Using the records below, write out only the lines from the line containing "MP9 | Spy Prototype (Minimal Wear) preview" up to and including the line containing "Tplink Tapo C110 3Mp wifi Camera 0", exactly, with no pictures.
+++ RECORD EXCERPTS
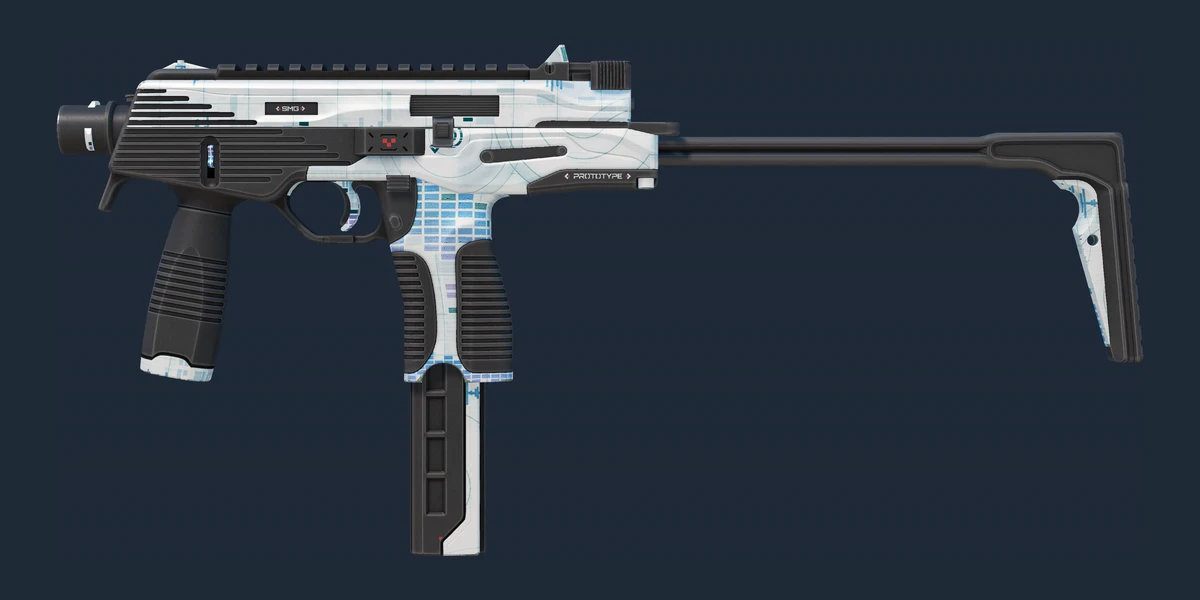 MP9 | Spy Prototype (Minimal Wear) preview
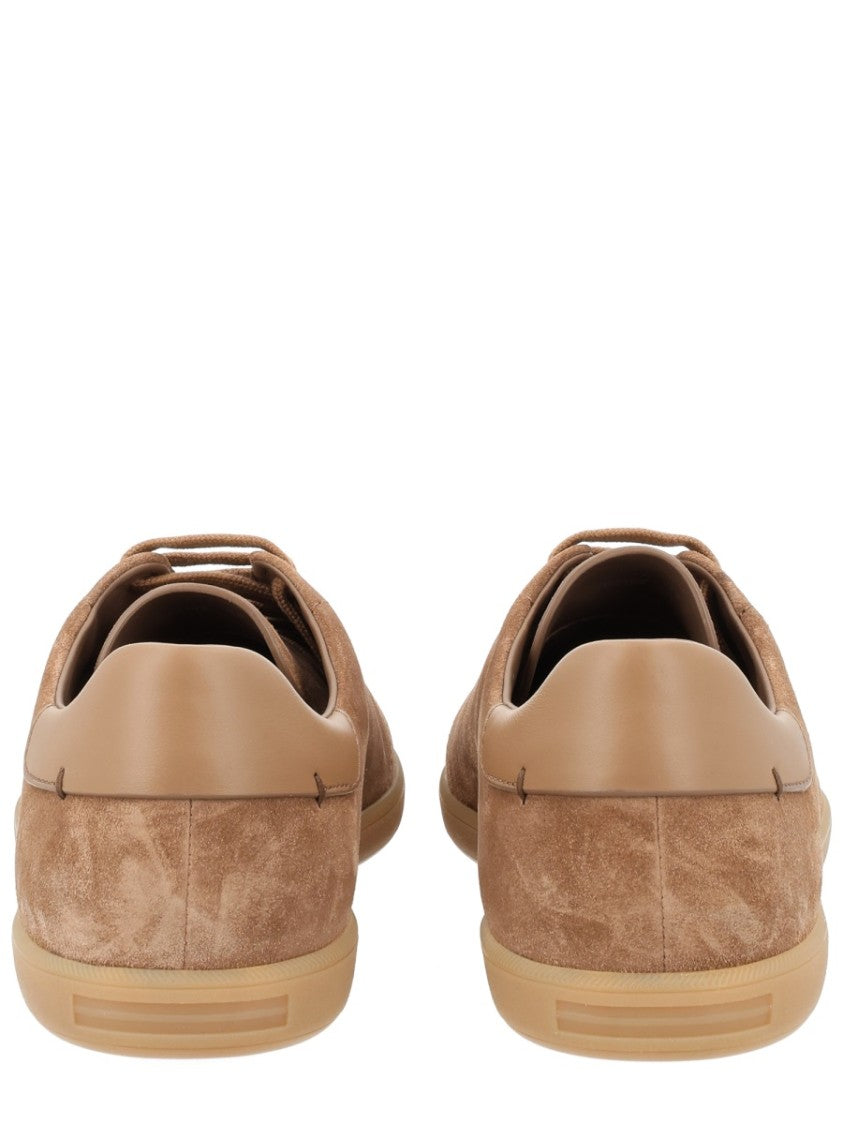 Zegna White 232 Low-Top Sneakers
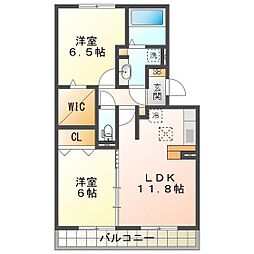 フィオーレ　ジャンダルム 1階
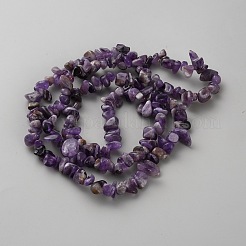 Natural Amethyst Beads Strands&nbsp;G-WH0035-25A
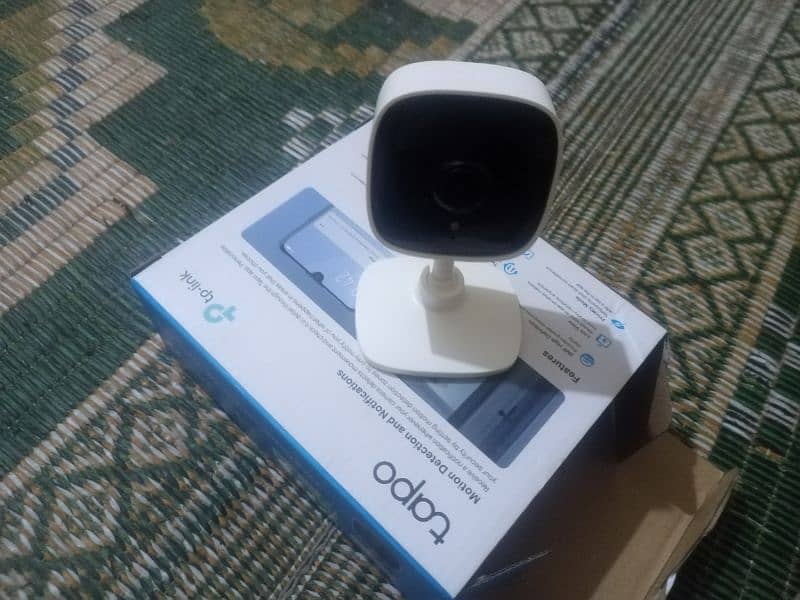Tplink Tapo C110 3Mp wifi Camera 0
++++++
+++ RECORD EXCERPTS
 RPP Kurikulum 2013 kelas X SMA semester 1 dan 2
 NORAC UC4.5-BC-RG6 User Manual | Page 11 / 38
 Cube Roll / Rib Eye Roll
++++++
RESPONSE BOX:
 MP9 | Spy Prototype (Minimal Wear) preview
 Zegna White 232 Low-Top Sneakers
 フィオーレ　ジャンダルム 1階
 Natural Amethyst Beads Strands&nbsp;G-WH0035-25A
Tplink Tapo C110 3Mp wifi Camera 0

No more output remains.